Nevertheless, available data do not preclude the possibility that the maximum reported age at death (MRAD) continues to increase slowly over time. Vijg and Le Bourg [1] cite a recent article in Nature [5] in support of their claim that the maximum reported age at death has not increased for about 25 years and is set to be around 115 years. Yet, several independent researchers challenged the conclusion of this Nature article, criticizing its methodological limitations. Their criticism has been published online on the academic website Publons [6] in the form of 6 postpublication peer reviews.

Indeed, the maximum reported age at death in 2017 has exceeded 115 years thanks to the Italian supercentenarian Emma Martina Luigia Morano (November 29, 1899 - April 15, 2017), who lived 117 years and 137 days [7]. This new case is consistent with the possibility that the MRAD does continue to increase slowly over time.

Furthermore, according to the expert opinion of the eminent gerontologist Steven Austad, someone born before 2001 will reach the age of 150 years by the year 2150 [8]. Indeed, claiming the inevitable limit to human life span to be at about 115 years is equivalent to the claim of inevitable failure of all further efforts of gerontologists and other scientists in increasing human health span (and subsequently longevity). The consensus letter published in Science by a group of 7 gerontologists states: “... there are currently no scientifically proven antiaging medicines, but legitimate and important scientific efforts are under way to develop them” [9]. There is no reason to believe that these efforts will inevitably fail [7].

Also note that the Nature study [5] cited by Vijg and Le Bourg [1] assumed that MRAD follows a Poisson distribution. This distribution does not have a fixed upper limit; therefore there is no inevitable fixed limit to human longevity, if we accept a hypothesis about Poisson distribution.

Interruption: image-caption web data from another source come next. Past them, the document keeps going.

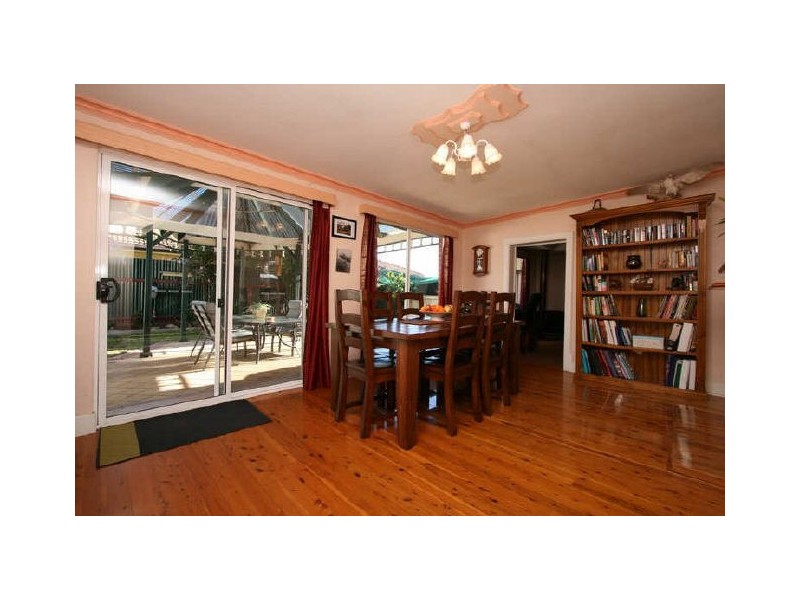 113 New Street, Queenstown SA 5014
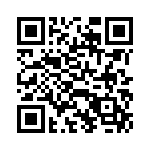 VI-JW2-EZ-F4 QRCode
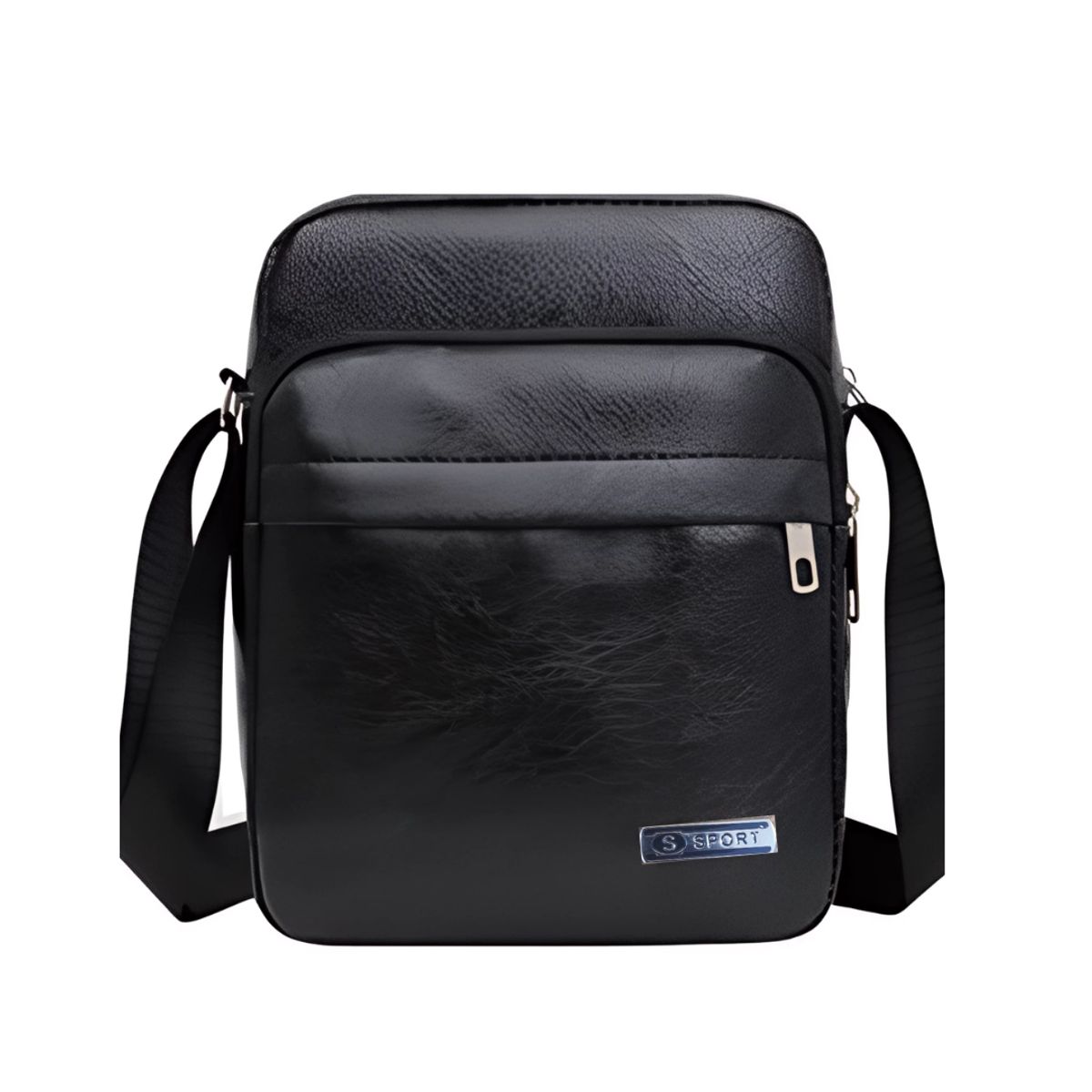 INSPIRA MARKET - Riñonera Morral Sport Multiusos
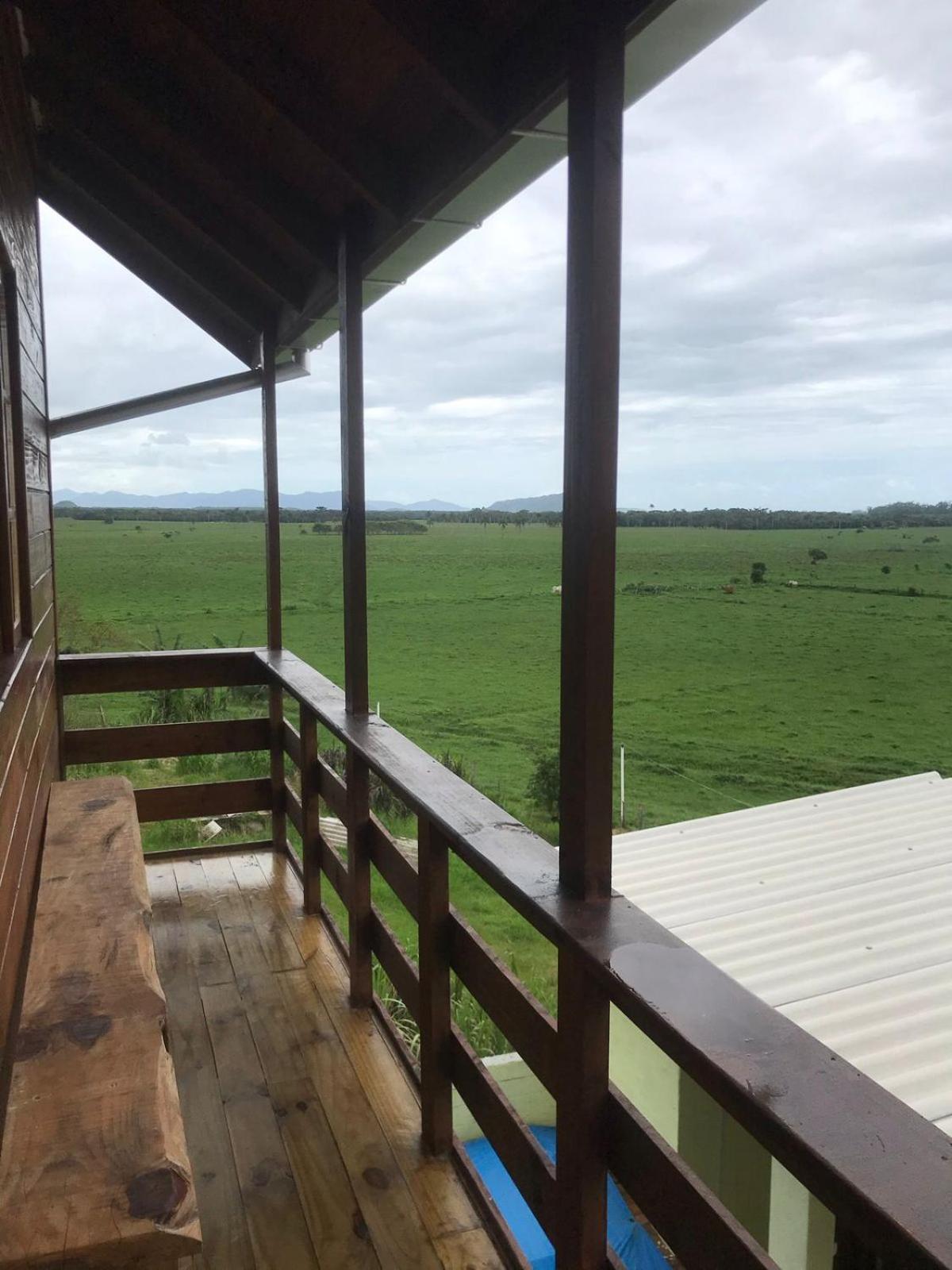 Casa temporada na Gamboa - Garopaba-SC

Vijg and Le Bourg [1] argue that the close connection of species-specific longevity with life-history strategies explains why human life span is limited and why age-related deterioration and death is an inevitable outcome. They cite theoretical work by Fisher, Haldane, Hamilton, Medawar, Williams, and Charlesworth who provided an evolutionary explanation of aging as a result of the declining force of natural selection. However, this explanation can hardly be applied to extreme postreproductive ages (100 years and older), when the force of natural selection is already negligible and hence has no room for further decline. Life-history theory cannot provide an accurate prediction of human longevity record - why is it 122 years (Jeanne Calment 1875-1997) instead of only 100 years, for example. Also life-history theory cannot explain why exactly the same exponential pattern of mortality growth with age (Gompertz law) is observed not only at reproductive ages but also at very old postreproductive ages (up to 106 years), long after the force of natural selection becomes insignificant (when there is no space for its additional decrease) [10].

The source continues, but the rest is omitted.